Specifically, the patch_alternative
function (source code) appeared to be highly related:
With gdb, I inserted a breakpoint at patch_alternative
to find out when does such runtime patching take place.
One can manually press enter over one thousand times to find out how many times this function got triggered. Or, store the following gdb script as instr.txt
and use it when launching gdb:
set architecture aarch64
target remote :1234
b patch_alternative
set $i = 0
while ($i < 10000)
continue
set $i = $i + 1
end
Launch gdb with the following command, and all breakpoint hits will be printed to the screen.
gdb-multiarch -x instr.txt vmlinux
So, a takeaways for this section:
- The ARM Linux kernel may exhibit runtime patching, which modifies some of the instructions loaded into memory. A blog discussing this behavior can be found at: https://blogs.oracle.com/linux/post/exploring-arm64-runtime-patching-alternatives, the blog mentioned that such runtime patching is done during boot time.
- QEMU faithfully emulates this runtime patching behavior.
Follow Up: Could This Be Disabled?
As far as I know, there is no way to entirely disable runtime patching.

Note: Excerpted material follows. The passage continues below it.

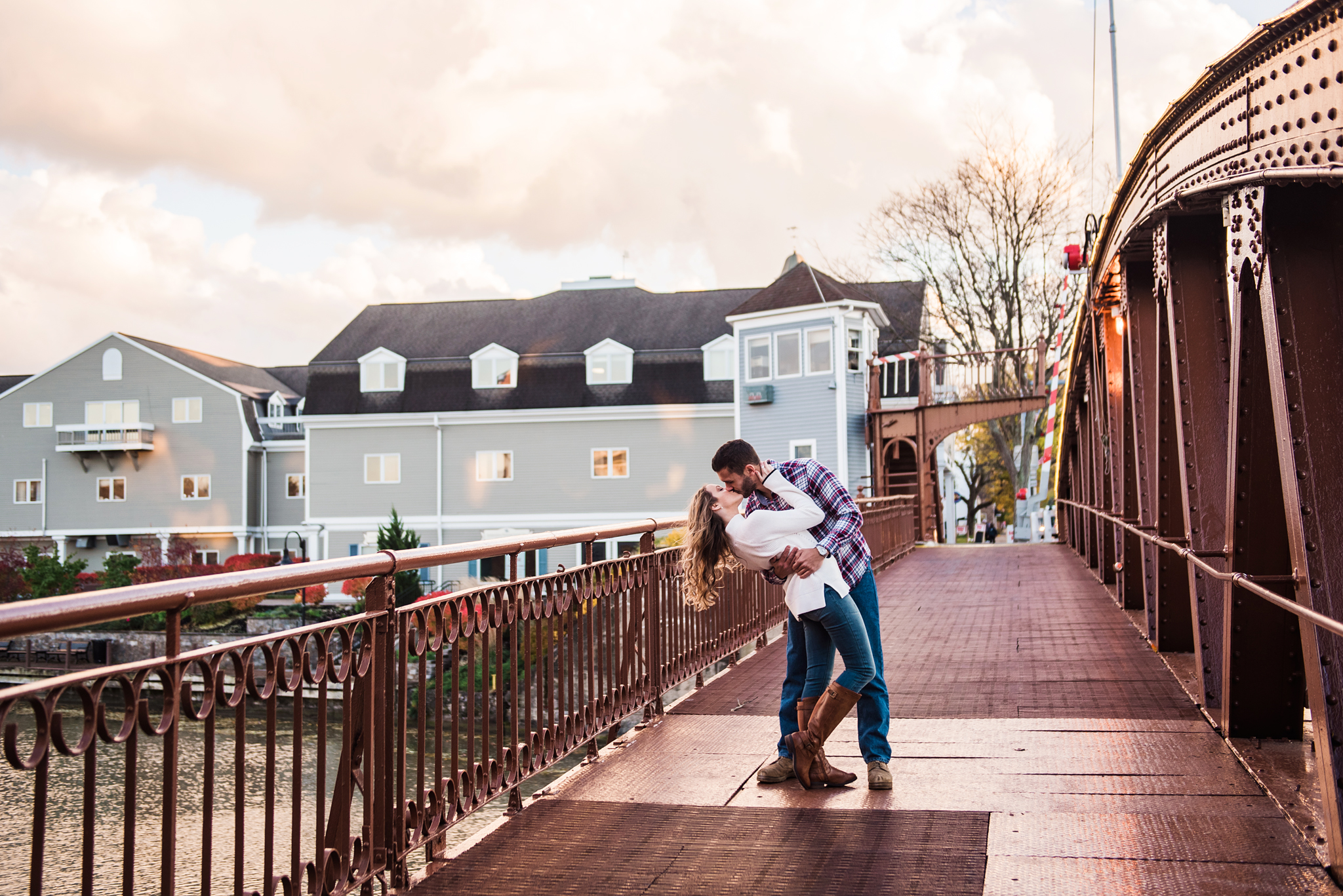 Village_of_Fairport_Rochester_Engagement_Session_JILL_STUDIO_Rochester_NY_Photographer_DSC_8782.jpg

Taking the same example from above, when I tried to use the same kernel image but added the-append arm64.nopauth
command-line argument while launching QEMU, it produced the following runtime memory:
This time, the branch instruction at 0xffff8000800187fc
got replaced by a NOP instruction, while the original NOP didn’t get replaced. So, no matter how you try to disable the runtime patching behavior, your CPU (or the configuration for your QEMU emulation) will make the necessary patches to happen.
Update:
Another blog about kernel patch alternative (link), it introduces a related IDA plugin.